### SOURCE DATA

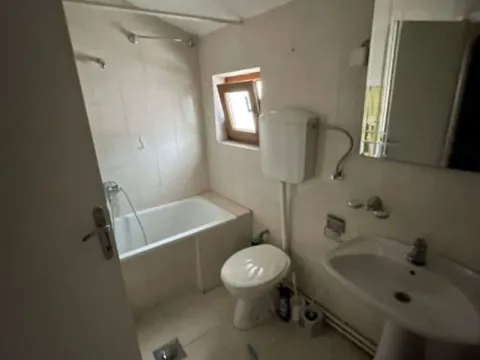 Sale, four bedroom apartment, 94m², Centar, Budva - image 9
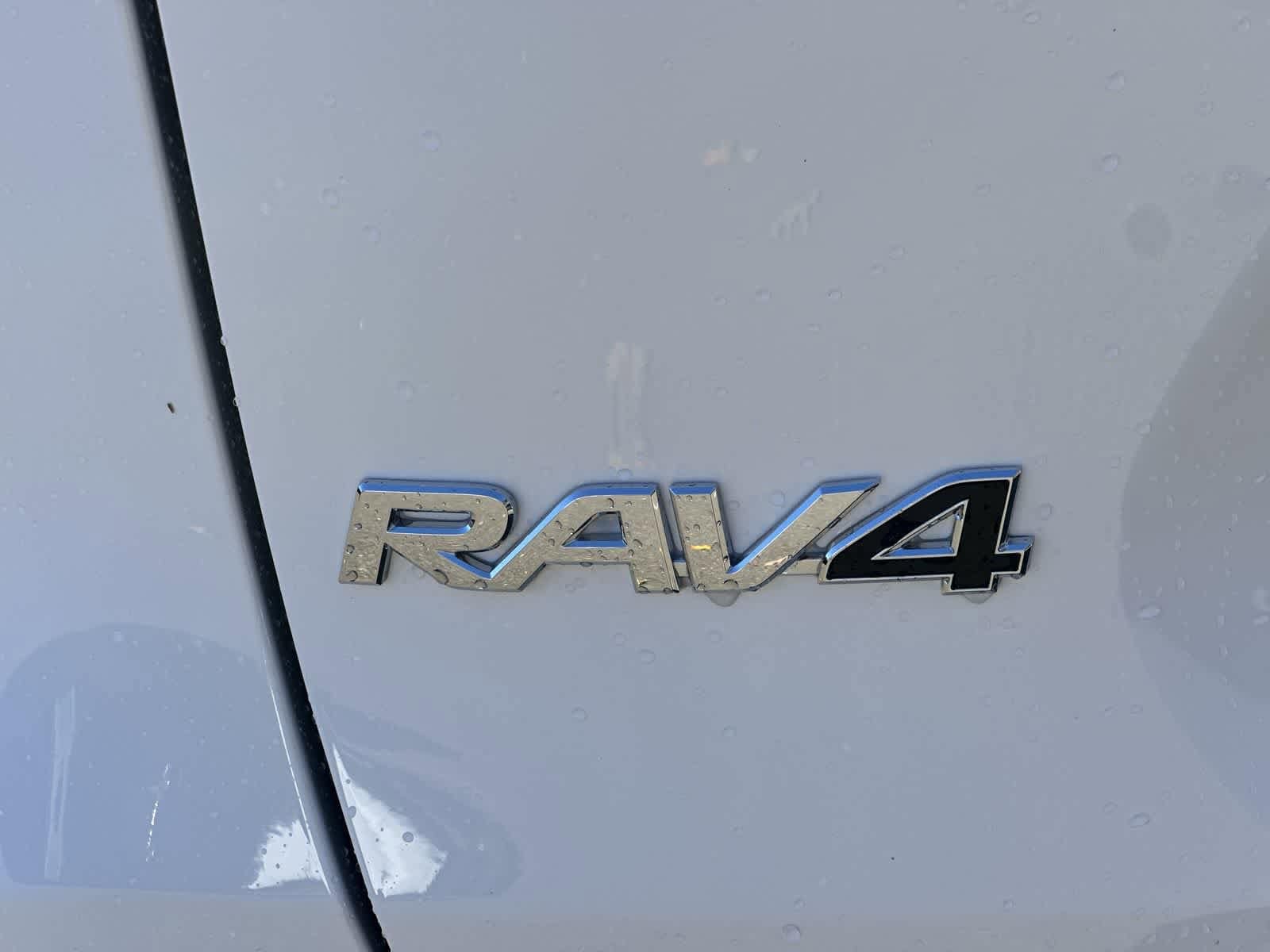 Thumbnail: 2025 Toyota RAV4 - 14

--

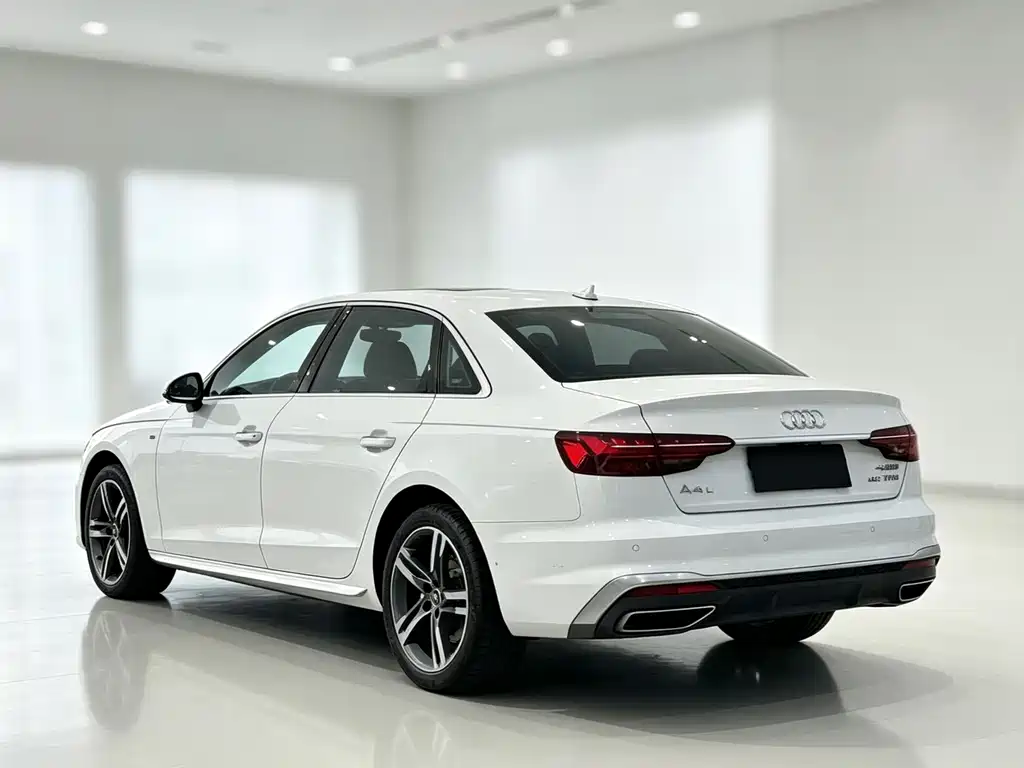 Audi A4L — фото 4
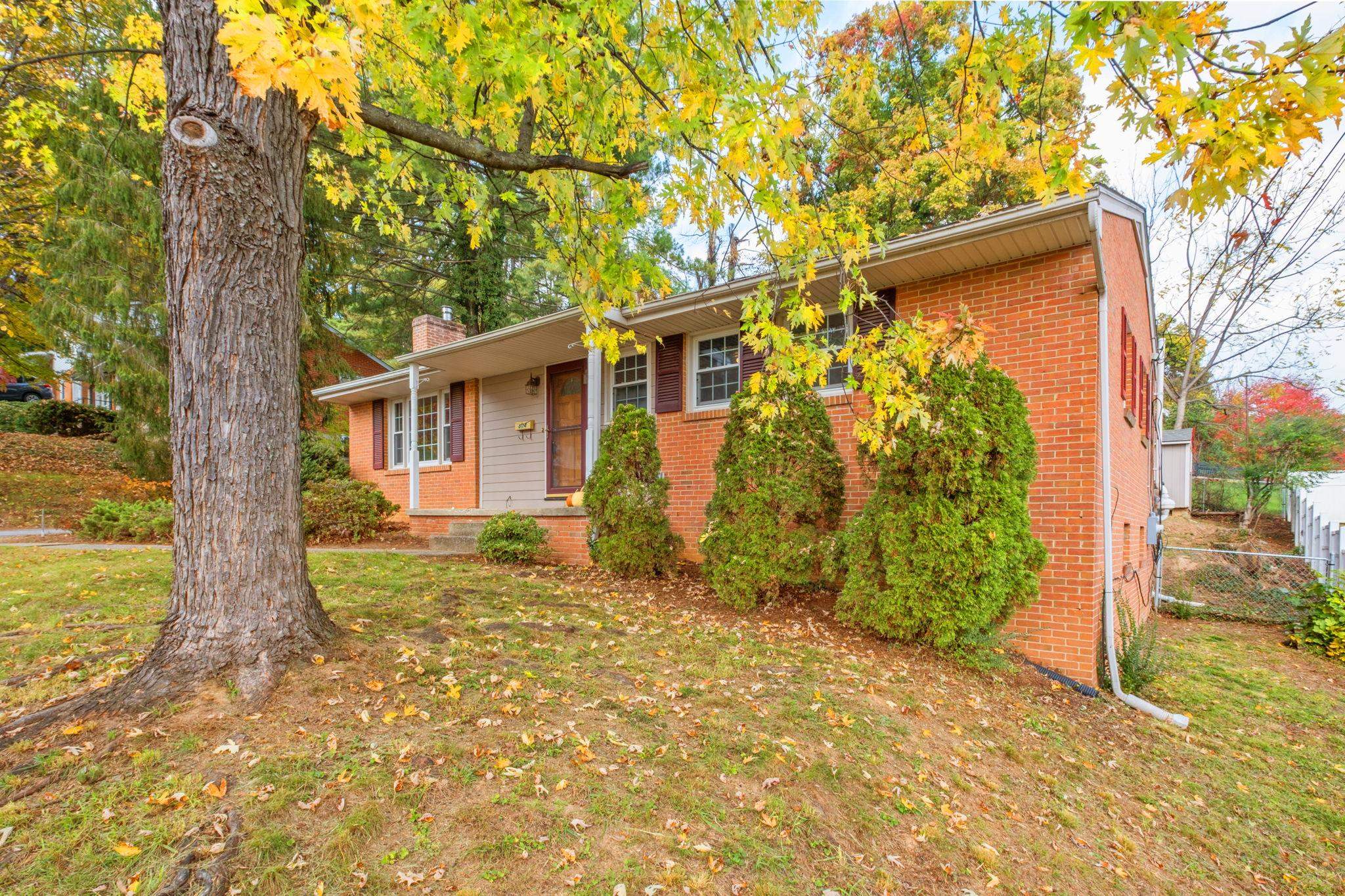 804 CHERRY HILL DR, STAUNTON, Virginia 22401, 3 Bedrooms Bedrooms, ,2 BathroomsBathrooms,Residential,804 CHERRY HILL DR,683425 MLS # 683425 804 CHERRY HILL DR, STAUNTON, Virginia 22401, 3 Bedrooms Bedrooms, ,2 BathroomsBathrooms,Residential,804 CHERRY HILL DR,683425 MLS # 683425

...

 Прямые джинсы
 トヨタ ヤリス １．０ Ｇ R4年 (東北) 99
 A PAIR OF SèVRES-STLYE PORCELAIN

### WHAT TO PRODUCE
The stretch to restate runs from the line above containing "Sale, four bedroom" through the line containing "Thumbnail: 2025 Toyota RAV4 - 14". Copy it word for word, ends included, without pictures.

### WRITTEN ANSWER
 Sale, four bedroom apartment, 94m², Centar, Budva - image 9
 Thumbnail: 2025 Toyota RAV4 - 14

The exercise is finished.